Algorithm recursively doing exactly that, what is explained above. It is possible to generate all the 3628800 combinations for 10!, because number of nesting is the same as number of elements in array (it means in your case for 10 numbers it lingers about 5min. on my computer) and you need have enough memory if you want to keep all combinations in array.

There is solution.

package permutation;

/** Class for generation amount of combinations (factorial)
 * !!! this is generate proper permutations without repeating and proper amount (počet) of rows !!!
 *
 * @author hariprasad
 */
public class TestForPermutationII {
  private static final String BUMPER = "*";
  private static int counter = 0;
  private static int sumsum = 0;
  // definitoin of array for generation
  //int[] testsimple = {1, 2, 3, 4, 5, 6, 7, 8, 9, 10};
  int[] testsimple = {1, 2, 3, 4, 5};
  private int ELEMNUM = testsimple.length;
  int[][] shuff;

  private String gaps(int len) {
    String addGap = "";
    for(int i=0; i <len; i++)
      addGap += "  ";
    return addGap;
  }

  /** Factorial computing */
  private int fact(int num) {
    if (num > 1) {
      return num * fact(num - 1);
    } else {
      return 1;
    }
  }

  /** Cyclic shift position to the left */  
  private int[] lShiftPos(int[] arr, int pos) {
    int[] work = new int[ELEMNUM];
    int offset = -1;
    for (int jj = 0; jj < arr.length; jj++) {
      if (jj < pos) {
        work[jj] = arr[jj];
      } else if (jj <= arr.length - 1) {
        if (jj == pos) {
          offset = arr[pos]; // last element
        }
        if (jj != (arr.length - 1)) {
          work[jj] = arr[jj + 1];
        } else {
          work[jj] = offset;
        }
      }
    }
    return work;
  }

  private String printBuff(int[] buffer) {
    String res = "";
    for (int i= 0; i < buffer.length; i++) {
      if (i == 0) 
        res += buffer[i];
      else
        res += ", " + buffer[i];
    }
    return res;
  };

  /** Recursive generator for arbitrary length of array */
  private String permutationGenerator(int pos, int level) {
    String ret = BUMPER;
    int templen = counter;
    int[] work = new int[ELEMNUM];
    int locsumread = 0;
    int locsumnew = 0;
    //System.out.println("\nCalled level: " + level);

    for (int i = 0; i <= templen; i++) {
      work = shuff[i];
      sumsum++;
      locsumread++;
      for (int ii = 0; ii < pos; ii++) {
        counter++;
        sumsum++;
        locsumnew++;
        work = lShiftPos(work, level); // deep copy
        shuff[counter] = work;
      }
    }

    System.out.println("locsumread, locsumnew: " + locsumread + ", " + locsumnew);
    // if level == ELEMNUM-2, it means no another shift
    if (level < ELEMNUM-2) {
      ret = permutationGenerator(pos-1, level+1);
      ret = "Level " + level + " end.";
      //System.out.println(ret);
    }
    return ret;
  }

  public static void main(String[] argv) {
    TestForPermutationII test = new TestForPermutationII();
    counter = 0;
    int len = test.testsimple.length;
    int[] work = new int[len];

    test.shuff = new int[test.fact(len)][];

    //initial
    test.shuff[counter] = test.testsimple;
    work = test.testsimple; // shalow copy

    test.shuff = new int[test.fact(len)][];
    counter = 0;
    test.shuff[counter] = test.testsimple;
    test.permutationGenerator(len-1, 0);

    for (int i = 0; i <= counter; i++) {
      System.out.println(test.printBuff(test.shuff[i]));
    }

    System.out.println("Counter, cycles: " + counter + ", " + sumsum);
  }
}

Intensity (number of cycles) of algorithm is sum of incomplete factorials of number of members. So there is overhang when partial set is again read to generate next subset, so intensity is:

n! + n!/2! + n!/3! + ... + n!/(n-2)! + n!(n-1)!

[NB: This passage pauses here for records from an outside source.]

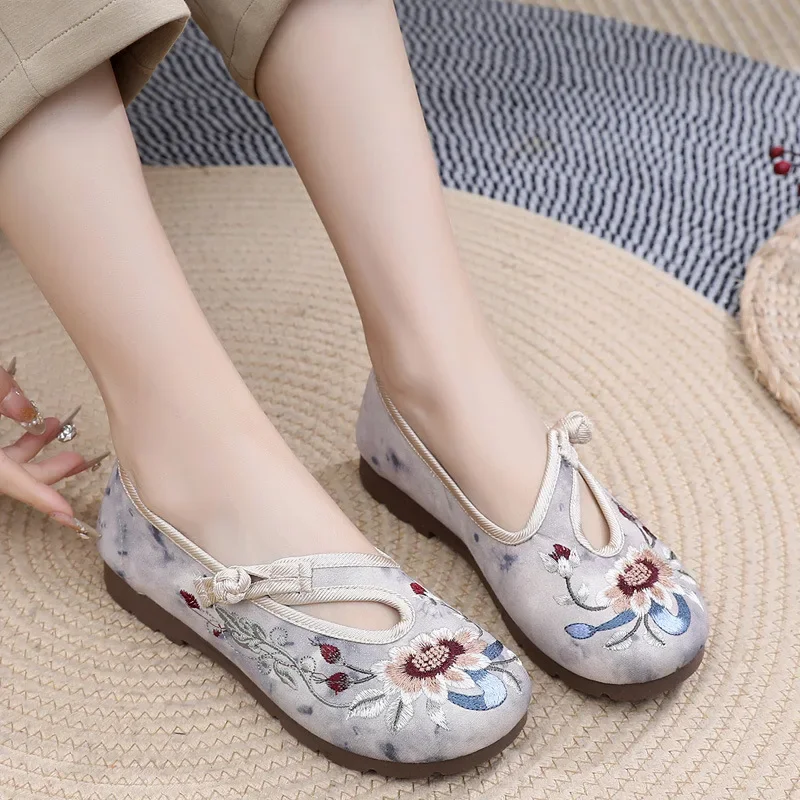 Flowers Embroidered Women Canvas Ballet Flats Comfort Cotton Pointed Toe Ballerinas Shoes Ladies Dancing Shoes
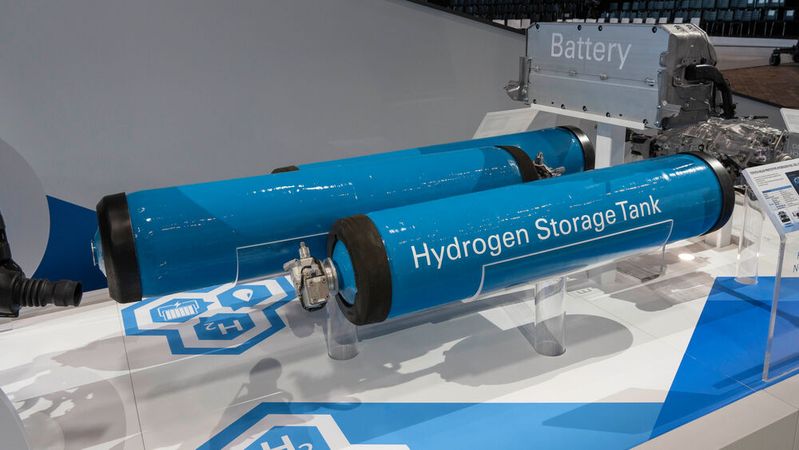 Toyota entwickelt weiter Brennstoffzellenantriebe. Bei den Serienanwendungen verschiebt sich der Schwerpunkt jedoch Richtung Nutzfahrzeuge.(Bild:  Toyota)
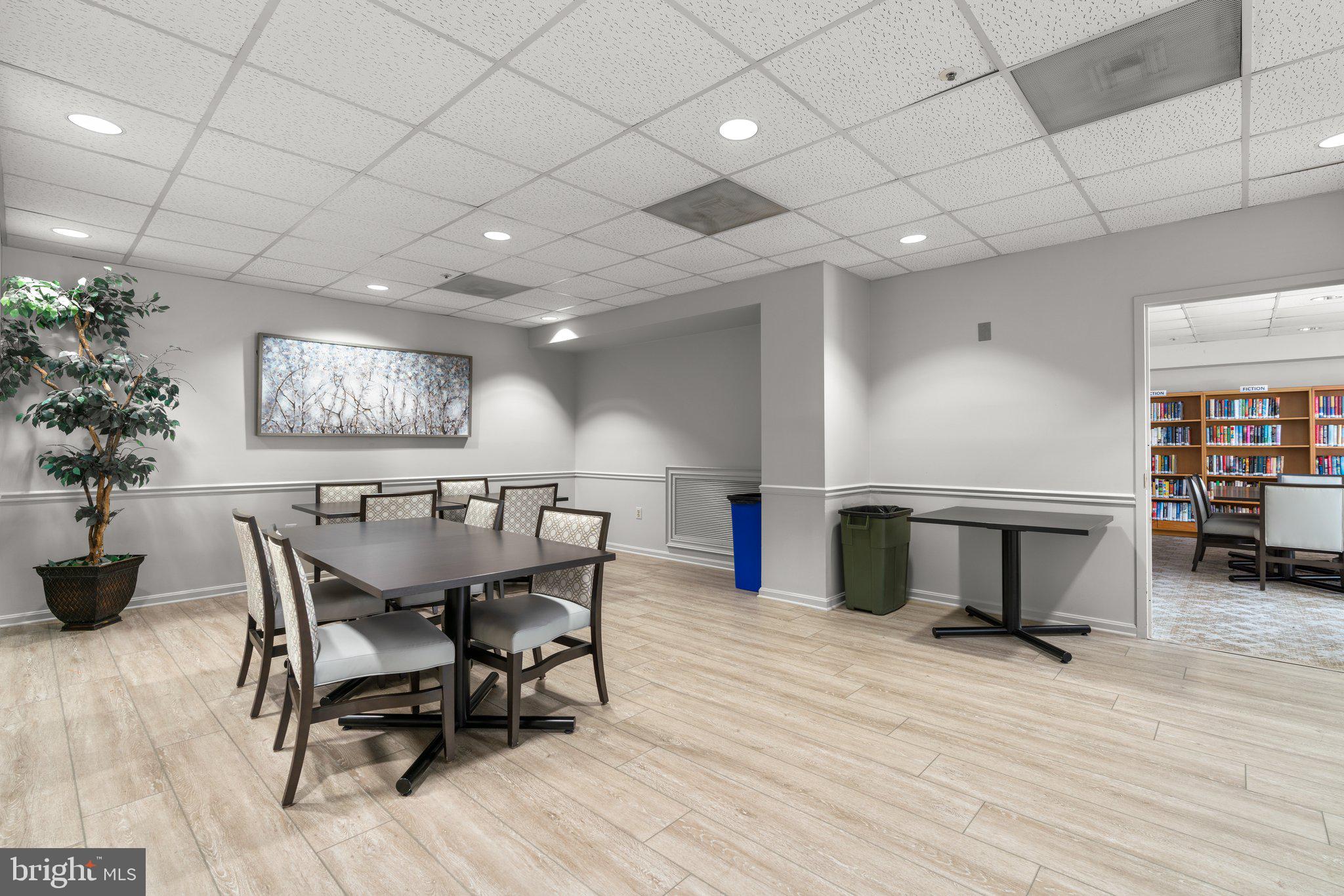 FAIRWAYS NORTH - Residential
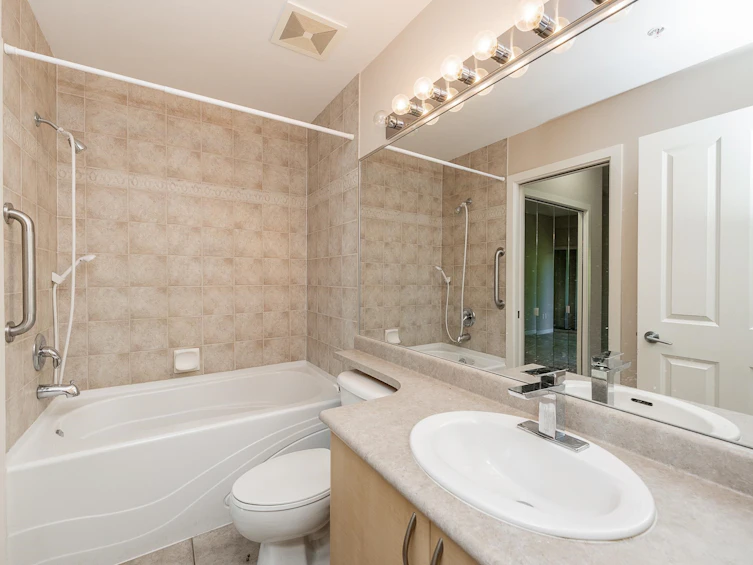 418-285 Newport Drive, Port Moody, BC, V3H 5J6 - 17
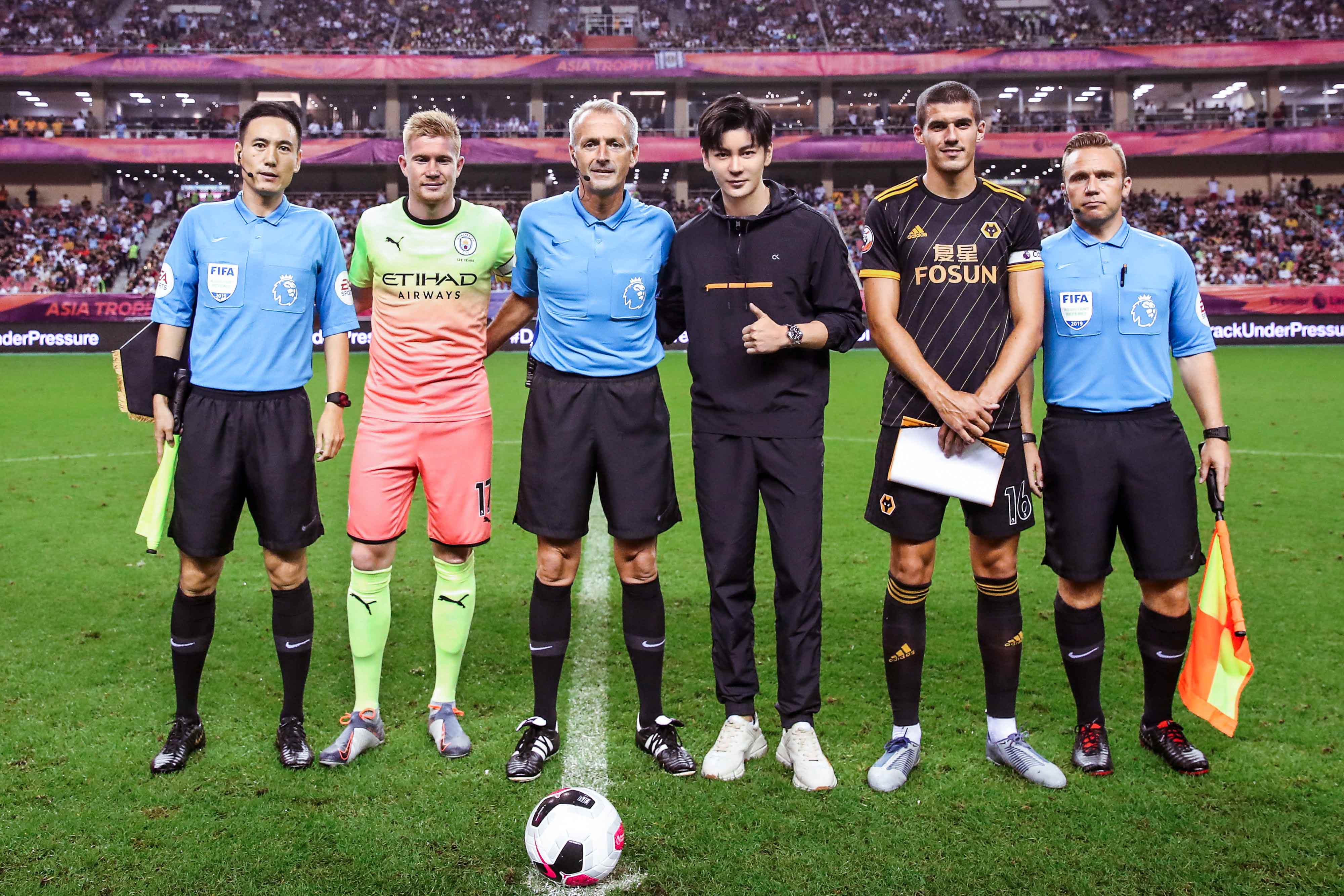 两个赛季中 两个赛季中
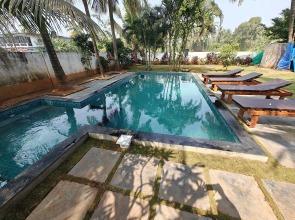 Бунгало SOLS Backyard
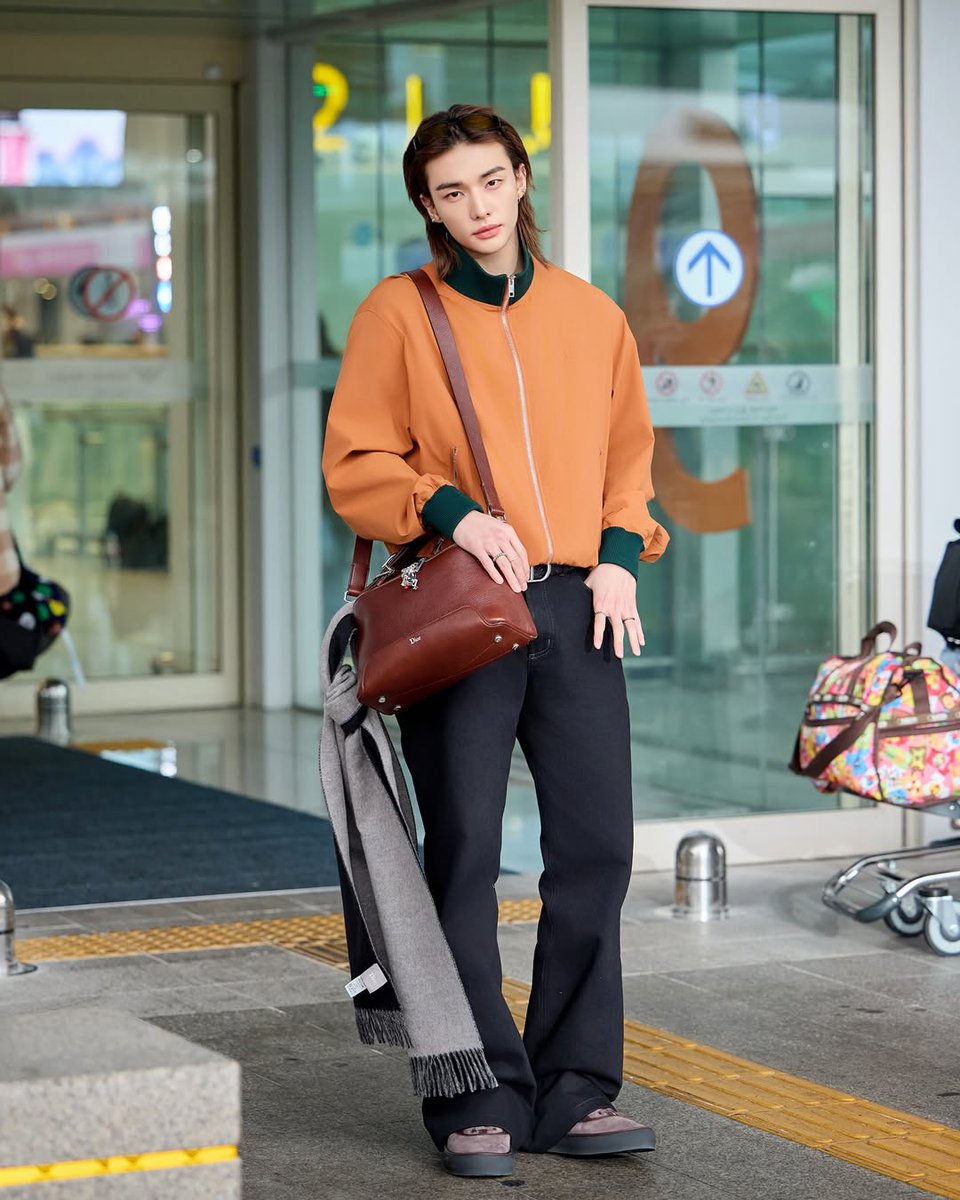 bs0873077's tweet photo. Since this is his 2nd pfw for Dior as a guest, let's make him shine more...

🎯100 replies and 50 Retweets 

A BIENTOT HYUNJIN
#HYUNJINxDiorPFW @Dior 

Everyone we need to work hard, this is our first mission today... https://t.co/Ng6KVyhg4F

Brief helpful permutation indexing Knowledge

Create a method that generates the correct permutation, given an index value between {0 and N! -1} for "zero indexed" or {1 and N!} for "one indexed".

Create a second method containing a "for loop" where the lower bound is 1 and the upper bound is N!. eg.. "for (i; i <= N!; i++)" for every instance of the loop call the first method, passing i as the argument.